In an uncompromising space of physical actions,

a relationship between a woman and a man is

being shaken, stirred and re-examine.

There is no victory or loss. There is no hierarchy.

Choreography: Olivia Court Mesa

Co-creator: Yochai Ginton

Performers: Olivia Court Mesa and Yochai Ginton

Sound design: Roey Hazon

Music: Wolfgang Amadeus Mozart/ Piano Concerto No.23 in A Major,

K.488: II.Adagio. 

Matthew Herbert/ Titles

Lighting Design: Dani Fishof

Costumes: Factory 54

Lenght of the work: 20 minutes

Premiered in Curtain Up Festival 2019, Israel


“ In "I carry, you hold," the work of Olivia Court Mesa in collaboration with Yochai Ginton, the image of a puppet and an operator embodied for moments in the actual body of the dancers, but also soon disrupted.

The piece opens when a man and woman - the creators themselves - enter the arena, around which the audience is assembled, while wearing only black lingerie. The two look at the audience, as if presenting the basic physical difference that distinguishes them: "I am a man, I am a woman." At the end of the observation, the two dress in clothes that were placed there in advance. She - in black velvet dress with a floral decoration at the hem. Him - in pants and a shirt. As a magic act, Ginton is suddenly on Court Mesa's shoulders, wrapped around her head. As if it was not enough to make a striking reversal - Court Mesa's size is significantly smaller than Ginton, and "natural" to expect that he would be the one lifting her. Court Mesa slowly pulls her right foot upward the left calf and stands on one leg while he is on her shoulders. This is an impressive opening, imploring viewers to set expectations aside, as promising - and subsequently sustaining - "no longer a routine duet for a man and a woman."

Court Mesa and Ginton lift and carry each other, leaning on each other and elegantly manipulating each other in a never-ending series of positions, while maintaining touch and balance.
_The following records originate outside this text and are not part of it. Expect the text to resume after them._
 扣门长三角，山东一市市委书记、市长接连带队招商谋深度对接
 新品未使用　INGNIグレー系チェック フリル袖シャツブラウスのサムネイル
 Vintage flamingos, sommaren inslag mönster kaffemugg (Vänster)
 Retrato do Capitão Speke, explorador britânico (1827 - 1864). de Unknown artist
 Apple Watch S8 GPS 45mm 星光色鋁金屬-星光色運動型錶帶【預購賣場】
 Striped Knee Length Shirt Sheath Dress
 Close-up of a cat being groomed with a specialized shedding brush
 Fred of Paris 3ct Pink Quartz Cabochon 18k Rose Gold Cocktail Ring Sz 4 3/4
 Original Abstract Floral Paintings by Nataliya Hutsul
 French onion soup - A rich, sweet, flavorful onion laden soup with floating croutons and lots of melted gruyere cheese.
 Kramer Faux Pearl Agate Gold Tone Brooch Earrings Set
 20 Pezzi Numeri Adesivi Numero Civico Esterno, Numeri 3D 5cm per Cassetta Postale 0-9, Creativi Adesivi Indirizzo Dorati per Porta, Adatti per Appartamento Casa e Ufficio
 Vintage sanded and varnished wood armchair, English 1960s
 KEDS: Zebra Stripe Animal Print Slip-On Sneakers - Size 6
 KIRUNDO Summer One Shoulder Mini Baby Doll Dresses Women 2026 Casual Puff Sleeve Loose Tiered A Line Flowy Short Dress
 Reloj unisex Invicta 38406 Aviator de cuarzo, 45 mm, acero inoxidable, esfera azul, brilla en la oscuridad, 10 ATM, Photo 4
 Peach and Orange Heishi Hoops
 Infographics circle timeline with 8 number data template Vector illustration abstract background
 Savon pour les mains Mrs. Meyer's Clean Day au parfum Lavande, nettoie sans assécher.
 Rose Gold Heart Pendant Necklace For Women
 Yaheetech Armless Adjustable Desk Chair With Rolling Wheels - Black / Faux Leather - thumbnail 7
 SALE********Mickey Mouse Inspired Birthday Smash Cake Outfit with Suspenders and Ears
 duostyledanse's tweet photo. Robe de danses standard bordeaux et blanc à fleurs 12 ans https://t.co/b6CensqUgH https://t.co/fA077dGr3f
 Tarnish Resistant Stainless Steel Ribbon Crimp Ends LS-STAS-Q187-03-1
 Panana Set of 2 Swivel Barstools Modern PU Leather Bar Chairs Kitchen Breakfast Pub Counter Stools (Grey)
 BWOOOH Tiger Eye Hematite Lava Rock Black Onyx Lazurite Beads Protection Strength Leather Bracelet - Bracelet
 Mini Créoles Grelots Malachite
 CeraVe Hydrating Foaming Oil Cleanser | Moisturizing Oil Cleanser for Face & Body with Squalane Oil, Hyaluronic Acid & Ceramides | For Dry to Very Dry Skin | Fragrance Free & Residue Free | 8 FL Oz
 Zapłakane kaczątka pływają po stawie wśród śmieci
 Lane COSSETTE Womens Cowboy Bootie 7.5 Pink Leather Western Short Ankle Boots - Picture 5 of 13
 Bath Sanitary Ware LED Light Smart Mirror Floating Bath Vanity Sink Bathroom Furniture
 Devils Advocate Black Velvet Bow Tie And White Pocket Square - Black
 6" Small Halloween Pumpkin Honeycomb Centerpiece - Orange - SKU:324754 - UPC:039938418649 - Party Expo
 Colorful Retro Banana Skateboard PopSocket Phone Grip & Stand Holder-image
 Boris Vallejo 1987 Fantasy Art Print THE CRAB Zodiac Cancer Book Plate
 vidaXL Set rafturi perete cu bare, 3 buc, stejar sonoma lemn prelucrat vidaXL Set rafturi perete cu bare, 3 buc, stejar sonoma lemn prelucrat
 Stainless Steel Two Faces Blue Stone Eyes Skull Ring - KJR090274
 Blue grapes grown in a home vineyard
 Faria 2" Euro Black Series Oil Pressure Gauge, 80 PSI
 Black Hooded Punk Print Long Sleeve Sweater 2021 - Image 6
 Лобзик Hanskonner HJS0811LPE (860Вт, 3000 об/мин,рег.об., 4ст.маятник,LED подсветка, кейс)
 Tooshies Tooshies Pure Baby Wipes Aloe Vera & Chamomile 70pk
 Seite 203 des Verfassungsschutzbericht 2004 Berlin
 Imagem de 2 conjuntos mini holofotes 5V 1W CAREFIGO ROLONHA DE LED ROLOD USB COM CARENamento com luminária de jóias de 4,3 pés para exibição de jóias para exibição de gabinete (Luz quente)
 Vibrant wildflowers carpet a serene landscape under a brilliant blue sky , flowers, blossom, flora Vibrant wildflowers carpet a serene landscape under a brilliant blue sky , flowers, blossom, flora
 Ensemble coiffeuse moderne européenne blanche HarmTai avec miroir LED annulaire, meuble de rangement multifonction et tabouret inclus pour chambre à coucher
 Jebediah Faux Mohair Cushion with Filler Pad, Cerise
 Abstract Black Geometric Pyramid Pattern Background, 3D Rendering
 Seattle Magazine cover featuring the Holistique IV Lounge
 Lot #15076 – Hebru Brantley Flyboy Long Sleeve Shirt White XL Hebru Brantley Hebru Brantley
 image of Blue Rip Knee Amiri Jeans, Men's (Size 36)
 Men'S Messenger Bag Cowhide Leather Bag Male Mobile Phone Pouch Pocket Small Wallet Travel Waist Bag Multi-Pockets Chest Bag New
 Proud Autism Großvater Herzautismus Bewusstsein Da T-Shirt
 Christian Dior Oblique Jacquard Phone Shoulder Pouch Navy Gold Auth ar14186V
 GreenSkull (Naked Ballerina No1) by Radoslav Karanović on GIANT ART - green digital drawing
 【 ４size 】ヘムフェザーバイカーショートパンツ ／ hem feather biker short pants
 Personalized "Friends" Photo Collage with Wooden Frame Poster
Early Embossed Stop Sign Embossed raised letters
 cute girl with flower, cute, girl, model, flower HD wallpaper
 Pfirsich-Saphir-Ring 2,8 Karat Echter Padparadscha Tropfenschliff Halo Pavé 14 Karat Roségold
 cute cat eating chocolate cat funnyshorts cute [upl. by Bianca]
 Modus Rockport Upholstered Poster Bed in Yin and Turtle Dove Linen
The two showcase not only exceptional performance but also a clear, well-refined aesthetic proposal - Theatrical rendering, stylish and clear of Contact Improvisation. A form of dance that has been evolving consistently since the 1970s and which, as its name suggests, is based on improvisation in contact with another partner or more. Court Mesa and Ginton are not improvising, but they use typical contact lifts, rolls and grips, while taking advantage of the principles that are at its core - such as maintaining a common center of gravity for equilibrium, using momentum and especially maintaining touch - to construct stage images that directly illustrates the implicit physical element in the form of our thinking about relationships: we lean on each other, depend on each other, lift each other up and hold each other. Court Mesa and Ginton carry the burden(literally) - equivalently, and thus, by way of contrast, show how most of the duets in dance (also contemporary) embody traditional, oppressive power relations in the enclave, disguised as "natural".

However, the two not only disrupt conventions that are customary in dance, but also show viewers how much their way of thinking about relationships is defined. How physical and deeply ingrained it is in the language. Therefore watching this non-conforming dance evokes cognitive dissonance, fun and entertaining at first, but revealing in fact a disturbing truth.”


Ran Brown for Haaretz Newspaper


“Surprising, acrobatic combinations scrape the threshold of the daring abilities of the two. Court Mesa proves that, although she is a woman, smaller, and certainly weighs less than Ginton, she is no less powerful than he is. She challenges herself without compromise, without mercy.”


Ruth Eshel for Dance Diaries


“A moment later, the tall Ginton jumped into her arms and she hardly batted an eye lash. The duet of power games was well executed and humorous without taking itself too seriously.”